An experiment is about to begin in the government sector: federal agencies are going to try embedding enterprise risk management into their operations. risk and internal control professionals in the private sector might want to watch this effort and see how it goes.
Final word on the ERM initiative came down last week, when the Office of Management and Budget published updated guidance for Circular A-123—essentially, the federal government’s equivalent to the Sarbanes-Oxley Act, with requirements for internal control over financial reporting. The guidance requires agencies to begin implementing ERM and tie those efforts to existing internal controls. It even renames the guidance to “Management’s Responsibility for Enterprise Risk Management and Internal Control.”
The guidance is a 51-page memo with a few specific directives and deadlines: all federal agencies must either establish a Risk Management Council, with the agency’s chief operating officer as chairman; or name some chief risk officer who will lead the ERM program. Agencies should develop their implementation approach as soon as possible, finish their first risk profile by June 2017, and integrate their ERM program into management’s annual evaluation of internal control by Sept. 15, 2017—that is, by the end of fiscal 2017. ERM and internal control should be reviewed annually after that.
More interesting for compliance and risk professionals is how the guidance describes what your ERM program should do. Plenty of private sector companies struggle with that goal themselves, so let’s take a look.
First, the structure that OMB wants to see, of risk management councils or a chief risk officer who advises the agency’s COO, is not much news unto itself. Large corporations have had compliance risk committees for years, and those who are trying to embrace ERM understand they should adopt a similar approach for enterprise risks.
I suspect that if agencies try to to take ERM seriously, they will adopt a committee approach rather than naming a chief risk officer. CROs make sense for financial companies and perhaps a few other organizations that face specific, quantifiable risks. For the more strategic risks that most companies face—well, they call it “enterprise” risk management for a reason. You’re supposed to get the whole enterprise involved.
The bigger question is how government agencies can take ERM seriously, when they have so many outside influences pulling them in multiple directions. Circular A-123 lists seven elements of a successful ERM program; three of them are:
- Establish the context: understand and articulate the internal and external environments of the organization;
- Initial risk identification: use a structured and systematic approach to recognize where the potential for undesired outcomes or opportunities can arise;
- Develop alternatives: systematically identify and assess a range of risk response options guided by risk appetite.
The principal difference between government agencies and the private sector is that agencies are mission-focused. Now imagine trying to identify the risks to your mission when so you get so many conflicting messages—from Congress, senior members of the administration, and the public—about what your mission is and how you should achieve it. That is the prime fact facing government agencies today.
For example, if your agency helps to manage Obamacare, you have a CEO (President Obama) sending one message while the board of directors (Congress) sends the opposite. What’s more, your shareholders (voters) are preparing for the organization’s next shareholder meeting on Nov. 8, and you may end up with an new set of managers by next year whose objectives are fundamentally different from what you’re trying to accomplish today.
Good luck identifying and managing your strategic risks in that environment.
Thankfully, as we watch our government agency brethren navigate that mess, they will also be trying to apply ERM more prosaic risks that drive private sector professionals just as crazy. We’ll want to watch those, too.
IT projects. IT projects fail to meet expectations all the time, in public and private sector alike. Most notable in government was the collapse of Healthcare.gov in 2013, but we’ve seen many more examples of antiquated or malfunctioning IT, from the Securities and Exchange Commission to the IRS to the Federal Aviation Administration. In the private sector, the airline industry has botched IT integration for almost every merger in the last 15 years.
Succesful IT projects will be all the more important in coming years as privacy and data security reach the heart of every business process we have. (A point Circular A-123 makes strongly toward the end of the publication.) So let’s see what common or best practices in IT project management emerge, if any, as a result of the feds’ work here.

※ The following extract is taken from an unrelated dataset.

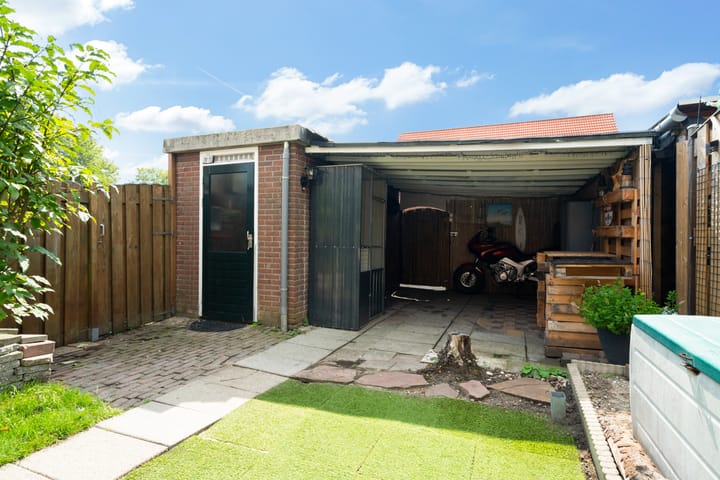 Tussenwoning te koop: Buizerdveld 30, Zoetermeer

Fraud. Many government agencies give away money through grants, so fraud risk is always high. Circular A-123 reminds agencies to think about “disaster fraud risk”—that is, at times when people often need emergency assistance the most (Hurricane Katrina or Hurricane Sandy, for example), fraud risk runs higher. At the same time, you can’t slow the pace of disbursing funds; a disaster has happened, after all.

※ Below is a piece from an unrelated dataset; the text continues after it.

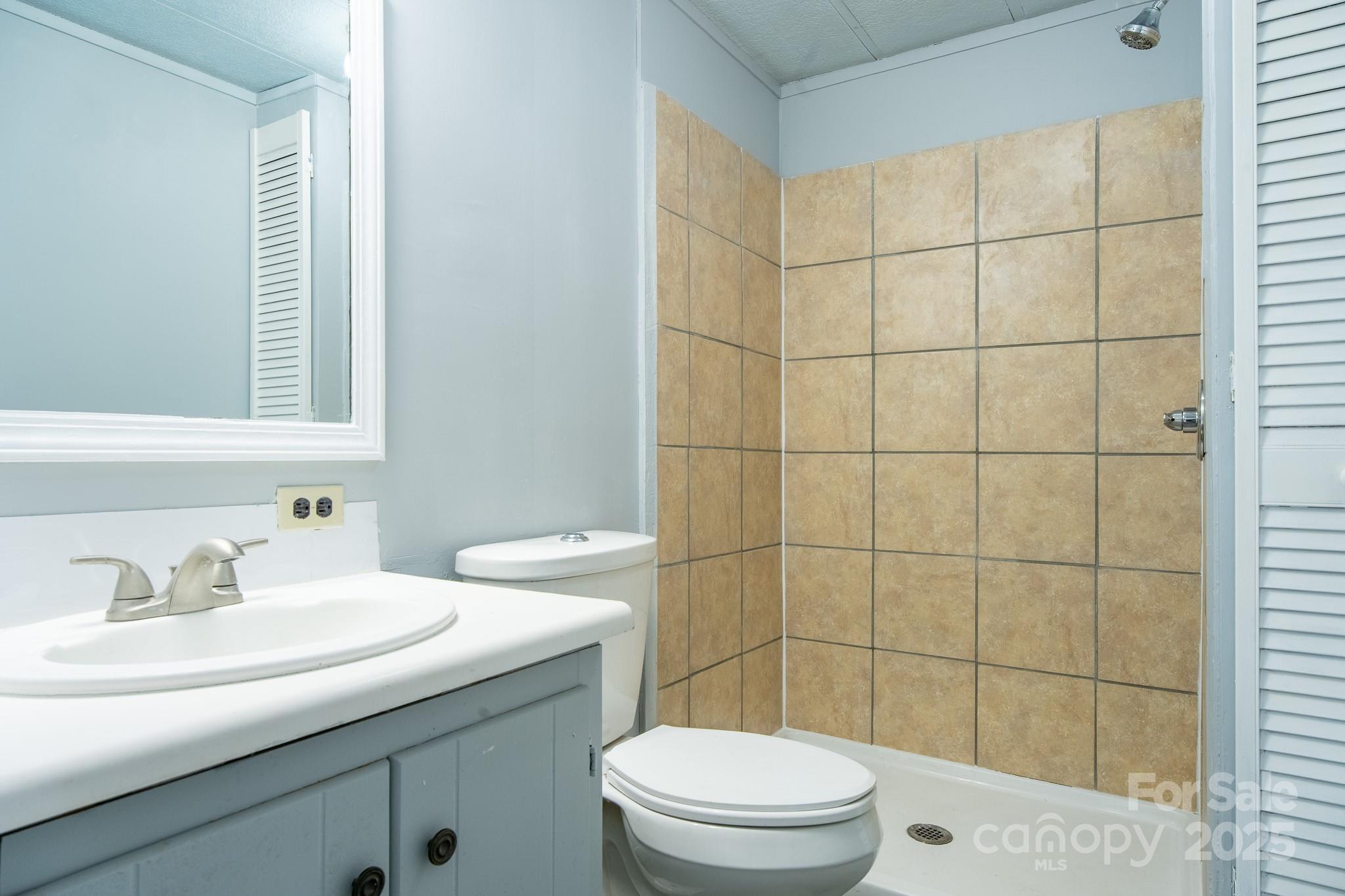 50 N Duncan Hill Lane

Agencies therefore need hugely robust anti-fraud systems that can scale up to those events. Preventive controls sound nice; but preventive controls are policies and IT systems. You need imagination and attention to succeed at them.
Beyond fraud, however, are its companions waste and mismanagement. Consider the case of FEGS, a New York City social services agency that went bankrupt in 2015 after mismanaging its way into a gigantic budget deficit. FEGS required closer government oversight and sharper assessment of its leadership risks (which were enormous), more than it needed anti-fraud controls. How can an agency meld ERM and internal controls to police against threats like that? I’ll be eager to see.